Saul’s jaw must’ve dropped to the floor.
He instantly knew he should’ve been a dead man had it not been for David’s mercy.
Yesterday, I talked about how God can and will work through different cultures to bring about His Will depending on which nation He deals with.
However, today we have a different takeaway.
And it’s that God will also completely overturn cultural norms to bring about His Will.
He’s been doing this from the very beginning.
For example, recall Jacob’s “cross-handed blessing” that Jacob bestowed on Joseph’s two sons Ephraim and Manasseh.
He bucked the traditions of the times by putting the younger son Ephraim over the older son Manasseh.
This same pattern occurs repeatedly with Isaac, Ishmael, Jacob, and Esau.
Israel has always stood out like a sore thumb among the goyim.
They were a nation that didn’t practice child sacrifice.
Sexual deviancy was NOT part of their worship practices.
And they believed in holding to a standard of faith, as David did when he refused to kill King Saul.
Here’s another way to look at the validity of your faith…
If there ain’t much difference between how you live your life and how the world operates…
Some serious self-examination is in order, my friend.
CONNECTING THIS TEACHING TO THE NEW TESTAMENT
“I have given them your word,
and the world hated them,
because they do not belong to the world
— just as I myself do not belong to the world.
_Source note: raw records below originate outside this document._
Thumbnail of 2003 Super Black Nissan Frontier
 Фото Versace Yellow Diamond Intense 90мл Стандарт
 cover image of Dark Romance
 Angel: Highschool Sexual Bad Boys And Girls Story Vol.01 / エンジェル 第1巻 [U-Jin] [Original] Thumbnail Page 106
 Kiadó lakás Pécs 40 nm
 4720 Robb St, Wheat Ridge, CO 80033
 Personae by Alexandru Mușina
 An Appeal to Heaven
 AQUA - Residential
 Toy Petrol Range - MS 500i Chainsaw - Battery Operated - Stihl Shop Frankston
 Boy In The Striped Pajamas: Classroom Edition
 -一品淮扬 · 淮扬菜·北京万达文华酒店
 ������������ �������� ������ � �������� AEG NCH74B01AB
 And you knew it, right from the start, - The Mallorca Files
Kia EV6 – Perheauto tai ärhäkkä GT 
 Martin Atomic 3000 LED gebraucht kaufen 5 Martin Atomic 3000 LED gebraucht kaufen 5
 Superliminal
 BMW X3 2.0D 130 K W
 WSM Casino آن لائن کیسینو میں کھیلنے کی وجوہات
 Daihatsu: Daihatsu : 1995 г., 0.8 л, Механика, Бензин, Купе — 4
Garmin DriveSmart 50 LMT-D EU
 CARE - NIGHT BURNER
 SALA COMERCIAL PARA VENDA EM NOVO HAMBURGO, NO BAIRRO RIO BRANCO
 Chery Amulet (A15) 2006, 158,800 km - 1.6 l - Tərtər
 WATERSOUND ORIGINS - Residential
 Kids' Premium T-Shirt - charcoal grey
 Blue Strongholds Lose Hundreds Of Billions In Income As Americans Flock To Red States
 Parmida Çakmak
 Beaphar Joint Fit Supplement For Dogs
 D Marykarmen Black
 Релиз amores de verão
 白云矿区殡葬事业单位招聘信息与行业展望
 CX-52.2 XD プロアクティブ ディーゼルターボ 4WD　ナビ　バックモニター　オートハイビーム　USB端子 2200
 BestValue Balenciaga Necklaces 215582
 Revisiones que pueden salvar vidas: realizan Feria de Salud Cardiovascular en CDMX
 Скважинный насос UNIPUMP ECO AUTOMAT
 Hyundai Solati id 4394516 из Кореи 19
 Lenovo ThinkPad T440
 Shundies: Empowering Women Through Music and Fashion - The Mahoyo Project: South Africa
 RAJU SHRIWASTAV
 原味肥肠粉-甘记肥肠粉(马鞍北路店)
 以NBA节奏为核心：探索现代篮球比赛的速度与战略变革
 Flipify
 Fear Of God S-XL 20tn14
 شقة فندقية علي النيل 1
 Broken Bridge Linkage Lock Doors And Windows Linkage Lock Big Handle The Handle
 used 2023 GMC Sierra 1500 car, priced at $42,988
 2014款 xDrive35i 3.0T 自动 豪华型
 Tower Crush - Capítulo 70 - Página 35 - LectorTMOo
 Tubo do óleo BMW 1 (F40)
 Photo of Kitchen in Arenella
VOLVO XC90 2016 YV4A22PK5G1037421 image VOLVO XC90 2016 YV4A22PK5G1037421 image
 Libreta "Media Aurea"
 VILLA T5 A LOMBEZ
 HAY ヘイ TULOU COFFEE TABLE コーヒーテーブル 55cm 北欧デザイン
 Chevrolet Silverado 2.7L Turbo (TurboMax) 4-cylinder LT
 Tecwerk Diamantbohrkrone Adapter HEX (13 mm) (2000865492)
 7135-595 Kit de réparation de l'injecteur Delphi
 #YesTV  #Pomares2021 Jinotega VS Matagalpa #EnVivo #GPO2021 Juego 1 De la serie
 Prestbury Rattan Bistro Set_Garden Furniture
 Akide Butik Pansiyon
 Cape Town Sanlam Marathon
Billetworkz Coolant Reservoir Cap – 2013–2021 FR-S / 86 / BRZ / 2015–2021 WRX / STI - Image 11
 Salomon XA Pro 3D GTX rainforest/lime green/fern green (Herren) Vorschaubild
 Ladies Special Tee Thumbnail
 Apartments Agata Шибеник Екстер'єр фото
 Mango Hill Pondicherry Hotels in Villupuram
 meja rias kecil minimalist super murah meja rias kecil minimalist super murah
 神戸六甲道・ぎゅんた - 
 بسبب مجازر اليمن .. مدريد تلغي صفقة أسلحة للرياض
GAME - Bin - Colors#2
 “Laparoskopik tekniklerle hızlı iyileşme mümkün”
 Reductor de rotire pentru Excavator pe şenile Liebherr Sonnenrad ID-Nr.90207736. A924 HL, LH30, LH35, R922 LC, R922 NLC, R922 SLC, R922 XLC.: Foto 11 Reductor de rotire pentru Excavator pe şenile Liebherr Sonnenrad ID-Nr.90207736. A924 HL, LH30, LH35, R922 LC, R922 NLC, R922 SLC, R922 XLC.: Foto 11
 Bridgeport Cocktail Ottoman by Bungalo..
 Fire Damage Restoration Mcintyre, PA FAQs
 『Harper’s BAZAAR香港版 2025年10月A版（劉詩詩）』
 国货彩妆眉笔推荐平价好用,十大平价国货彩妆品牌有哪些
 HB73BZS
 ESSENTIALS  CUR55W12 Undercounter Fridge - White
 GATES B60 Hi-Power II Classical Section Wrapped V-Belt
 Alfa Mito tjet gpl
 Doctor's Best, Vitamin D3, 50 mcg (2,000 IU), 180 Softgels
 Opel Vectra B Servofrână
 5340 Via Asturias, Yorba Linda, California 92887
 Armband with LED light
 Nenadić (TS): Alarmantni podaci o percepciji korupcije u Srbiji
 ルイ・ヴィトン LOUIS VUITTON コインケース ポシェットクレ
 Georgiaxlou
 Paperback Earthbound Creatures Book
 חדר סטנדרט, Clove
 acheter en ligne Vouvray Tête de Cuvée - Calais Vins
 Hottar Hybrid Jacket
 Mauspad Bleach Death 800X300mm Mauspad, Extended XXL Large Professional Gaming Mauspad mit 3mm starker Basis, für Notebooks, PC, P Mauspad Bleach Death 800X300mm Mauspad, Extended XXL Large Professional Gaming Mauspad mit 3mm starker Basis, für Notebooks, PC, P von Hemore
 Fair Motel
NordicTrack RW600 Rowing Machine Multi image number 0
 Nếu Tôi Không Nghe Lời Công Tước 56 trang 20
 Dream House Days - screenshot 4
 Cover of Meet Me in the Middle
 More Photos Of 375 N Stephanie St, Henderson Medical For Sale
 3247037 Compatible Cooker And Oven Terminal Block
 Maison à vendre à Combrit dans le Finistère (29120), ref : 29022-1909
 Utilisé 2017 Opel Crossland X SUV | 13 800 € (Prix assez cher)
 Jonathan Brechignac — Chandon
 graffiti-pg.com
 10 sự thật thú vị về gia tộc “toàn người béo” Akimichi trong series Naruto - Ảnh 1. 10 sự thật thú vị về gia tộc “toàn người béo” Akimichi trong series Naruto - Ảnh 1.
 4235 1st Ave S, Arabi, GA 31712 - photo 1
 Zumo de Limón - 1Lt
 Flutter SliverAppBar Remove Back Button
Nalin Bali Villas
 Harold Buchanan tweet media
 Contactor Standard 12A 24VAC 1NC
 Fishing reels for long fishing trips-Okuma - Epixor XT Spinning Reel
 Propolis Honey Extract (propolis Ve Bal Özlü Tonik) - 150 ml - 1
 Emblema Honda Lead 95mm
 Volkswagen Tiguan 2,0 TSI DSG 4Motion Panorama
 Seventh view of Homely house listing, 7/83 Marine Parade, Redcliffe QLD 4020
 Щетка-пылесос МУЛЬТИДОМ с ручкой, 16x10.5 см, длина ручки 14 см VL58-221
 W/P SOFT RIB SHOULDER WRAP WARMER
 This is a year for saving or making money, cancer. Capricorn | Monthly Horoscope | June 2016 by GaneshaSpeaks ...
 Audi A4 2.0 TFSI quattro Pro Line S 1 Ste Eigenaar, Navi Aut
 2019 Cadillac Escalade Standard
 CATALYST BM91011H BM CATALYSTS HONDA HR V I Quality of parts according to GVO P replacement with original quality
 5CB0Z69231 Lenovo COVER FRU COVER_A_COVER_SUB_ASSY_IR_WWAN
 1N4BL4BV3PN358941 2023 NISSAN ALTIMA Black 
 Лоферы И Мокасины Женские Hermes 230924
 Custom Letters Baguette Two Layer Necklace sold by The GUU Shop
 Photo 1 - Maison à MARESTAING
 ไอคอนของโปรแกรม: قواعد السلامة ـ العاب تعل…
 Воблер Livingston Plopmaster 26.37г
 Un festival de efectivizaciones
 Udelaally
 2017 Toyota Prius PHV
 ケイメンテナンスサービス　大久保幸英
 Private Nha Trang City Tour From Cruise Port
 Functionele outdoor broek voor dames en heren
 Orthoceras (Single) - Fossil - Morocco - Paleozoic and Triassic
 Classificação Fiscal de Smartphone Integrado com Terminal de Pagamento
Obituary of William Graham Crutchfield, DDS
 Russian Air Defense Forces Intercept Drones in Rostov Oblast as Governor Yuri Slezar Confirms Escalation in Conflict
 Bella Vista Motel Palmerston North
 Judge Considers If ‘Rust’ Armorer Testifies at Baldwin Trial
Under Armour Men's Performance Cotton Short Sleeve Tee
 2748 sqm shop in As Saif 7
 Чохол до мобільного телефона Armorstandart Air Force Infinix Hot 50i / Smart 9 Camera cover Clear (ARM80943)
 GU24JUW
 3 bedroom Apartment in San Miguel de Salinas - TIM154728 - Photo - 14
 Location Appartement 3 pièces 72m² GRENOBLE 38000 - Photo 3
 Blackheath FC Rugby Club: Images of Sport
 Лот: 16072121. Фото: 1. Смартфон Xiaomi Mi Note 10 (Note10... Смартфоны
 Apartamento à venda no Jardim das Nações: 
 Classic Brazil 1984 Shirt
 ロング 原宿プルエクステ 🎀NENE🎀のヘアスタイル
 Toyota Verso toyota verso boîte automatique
I don’t ask you to take them out of the world,
but to protect them from the Evil One.
They do not belong to the world,
just as I do not belong to the world.
Set them apart for holiness
by means of the truth — your word is truth.
Just as you sent me into the world,
I have sent them into the world.
On their behalf I am setting
myself apart for holiness,
so that they too may be set apart
for holiness by means of the truth.”
-John 17:14-19
Cory Haffly says
After that magnanimous non-act no one would have expected David to steal Uriah’s wife and have him killed. I guess David didn’t know himself that well. And yes he repented and God forgave him but he lost his mind and was never the same after that. And yet God holds him up as a man after God’s own heart. God is very forgiving but He allows us to reap what we sow so His name is not mocked.
Steven R Bruck says
The world serves as a measuring device for the faithful: if the world likes it, God probably doesn’t.
richoka says
Yup.
richoka says
True. We may be forgiven but we’ll pay the consequences. I’ve experienced this in my own life.